Следующим объявили мое выступление. Оно было в какой-то мере заранее обречено. Уже когда я шел к трибуне, в зале стоял шум и раздавались неодобрительные хлопки. Но все же первая часть выступления — проблемная — была выслушана внимательно, а затем в зале стал нарастать шум и начали вспыхивать "аплодисменты наоборот". Состояние — хуже не придумаешь, хотя я заранее был готов ко всему, зная настроения большинства делегатов. Да и мною была допущена тактическая ошибка — слишком прямолинейное понимание отчета. С большим напряжением удалось довести выступление до конца.
Что касается прений, то они не принесли неожиданностей. Вовсю «полоскали» и Генсека, и членов Политбюро, а среди них, пожалуй, всего сильнее меня. В чем только ни обвиняли — тут и Арбат, и забытое милосердие, и отсутствие идеологической концепции перестройки, и кризис школы, и разложение молодежи, не говоря уже о телевидении и печати. Складывалось впечатление, что началось нечто вроде соревнования в хлесткости, размашистости и разносности критики.

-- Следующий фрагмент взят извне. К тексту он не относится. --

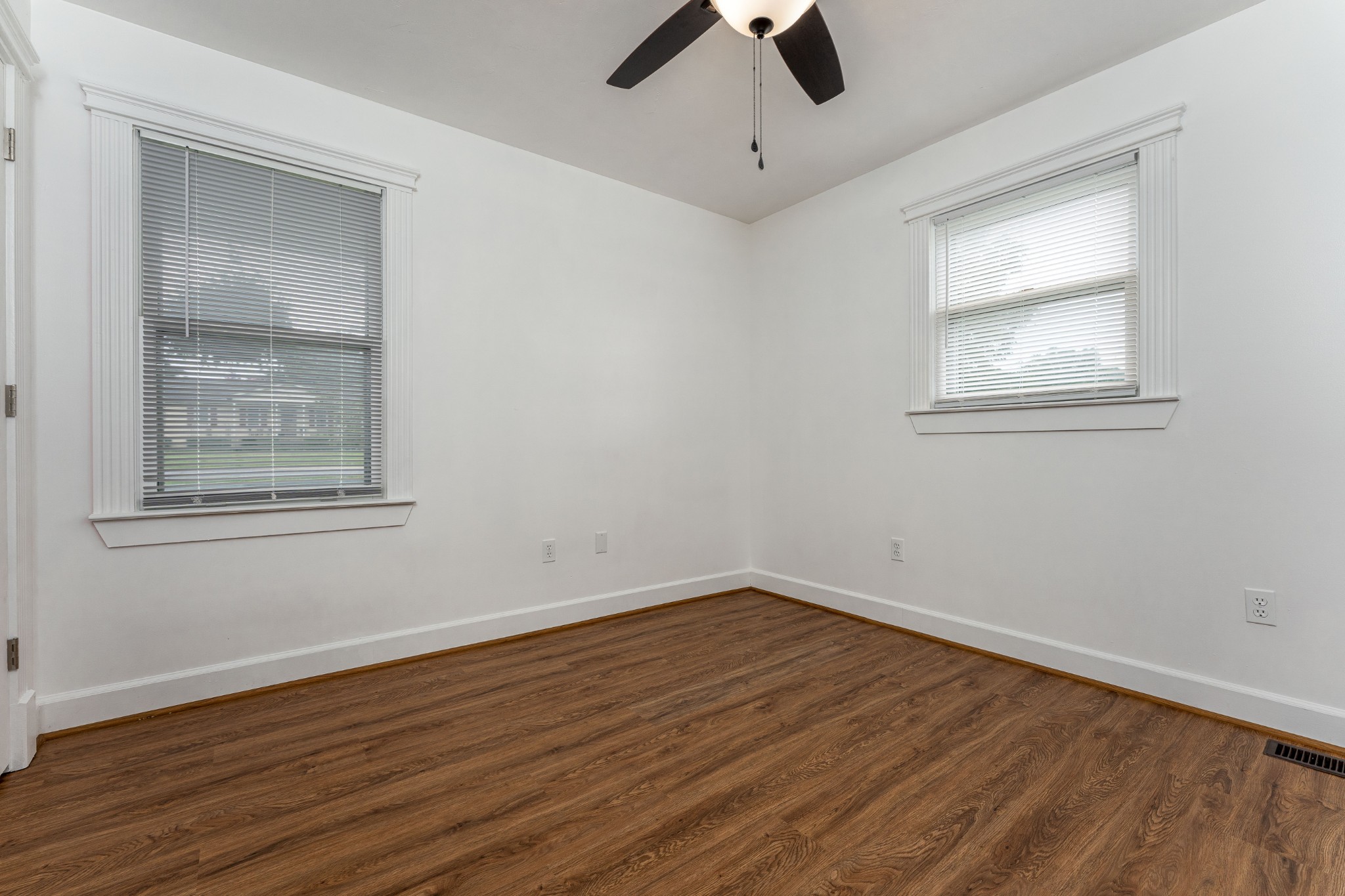 7 South Patrick Road Fayetteville, TN 37334 - Photo 7 of 32 wooden floor in an empty room with a window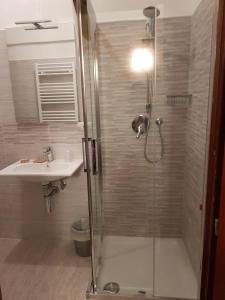 a bathroom with a shower and a sink at Hotel La Torre in Cogoleto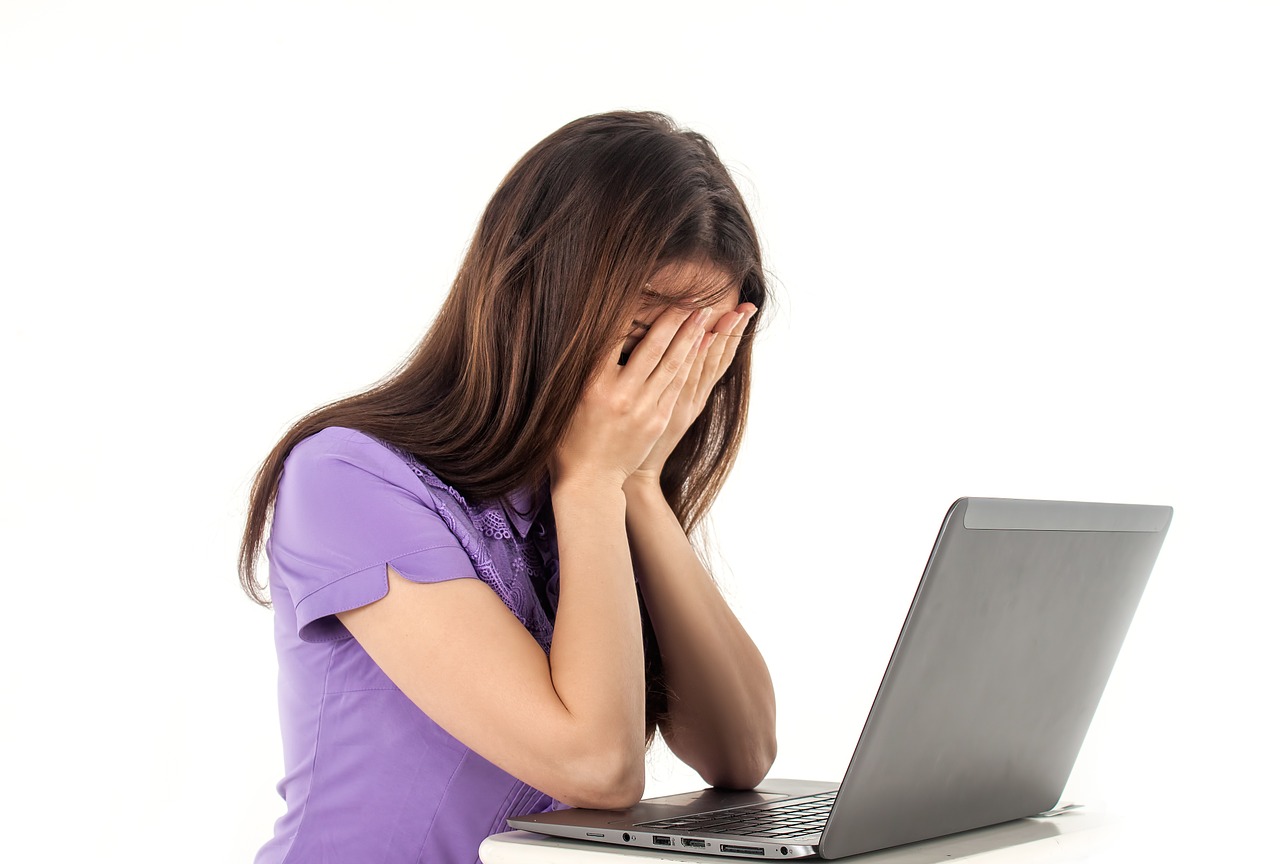 Junge Frau in lila Shirt sitzt frustriert am Laptop, Hand vor Gesicht, emotionaler Stress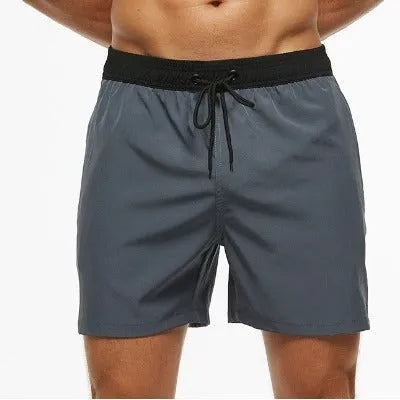 Men's blue running shorts with stitching waistband, zipper pocket, and drawstring for fitness activities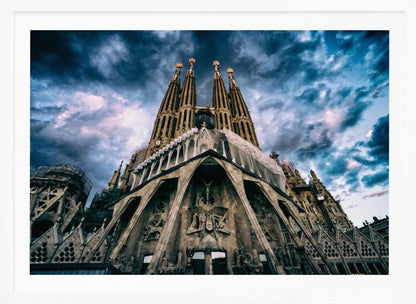 A dramatic, low-angle photograph of the Sagrada Familia in Barcelona, with its ornate stone facade and towering spires reaching up into a turbulent, dark blue and cloudy sky. The perspective emphasizes the grand scale and intricate detail of Gaudí's architecture. Print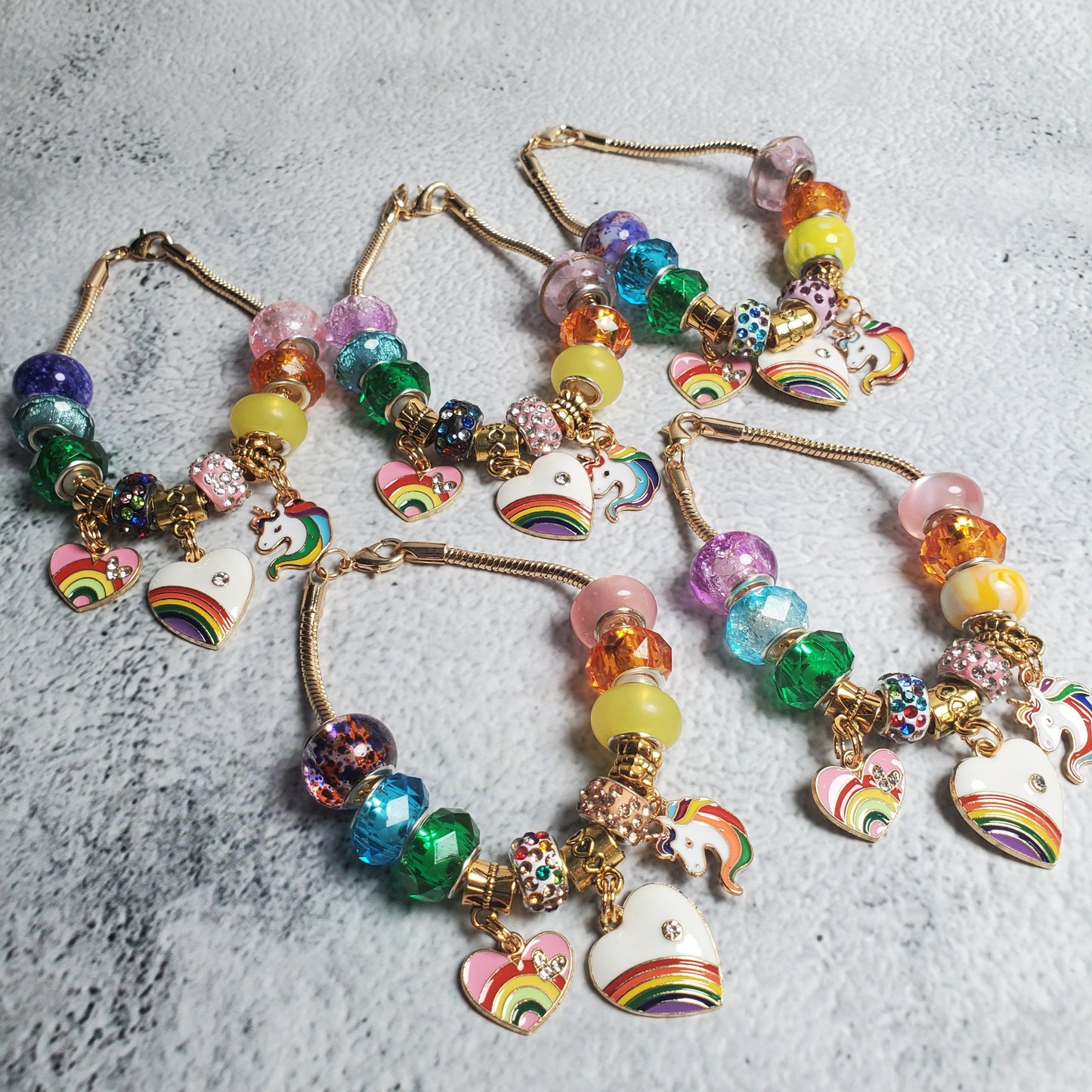 Colorful Charm Bracelet with rainbow beads and brass unicorn and heart charms on flexible snake chain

Но со стороны делегатов было немало и поддерживающих, ободряющих знаков. Беседы с делегатами в перерывах в фойе показывали, что многие значительно глубже понимают и лучше чувствуют ситуацию, чем это выглядело в крикливых выступлениях. Да и мое отчетное выступление оценивалось многими, как добротное по содержанию. В более деловой и конструктивной обстановке проходило и заседание Идеологической секции. Я это объясняю тем, что там собрались люди, которые глубже, профессиональнее владеют идеологическими проблемами, чувствуют на себе сложность ситуации. На заседании секции заметил — начинается некий перелом в настроениях. Делегаты почувствовали, что разносность идеологической критики переходит разумные пределы, за которыми уже ничего не выяснишь и не решишь.
Пожалуй, самым ответственным для меня в работе съезда было выступление с ответами на вопросы. Поступило огромное количество записок — 500. Среди них целые послания с изложением своих позиций, оценок. Многие носили эмоциональный характер. Немало было и злых реплик, замечаний в духе старого, догматического мышления.
Вначале такое обилие вопросов привело меня в некоторое замешательство. Но затем постепенно, особенно после Идеологической секции, был нащупан подход к ним. Ни в коем случае нельзя было занять позу обиженного, пытаясь в чем-то оправдаться. Надо было показать, что разносная критика и до съезда, и на нем самом не повергла в транс, поэтому следовало в активной, наступательной форме изложить свою позицию и показать неглубокий, поверхностный характер значительной части критики.
Повторные выступления членов Политбюро с ответами на вопросы начались вновь с Рыжкова. Он накануне подготовил и раздал целую брошюру с ответами на основную массу вопросов и тем самым облегчил выполнение своей задачи.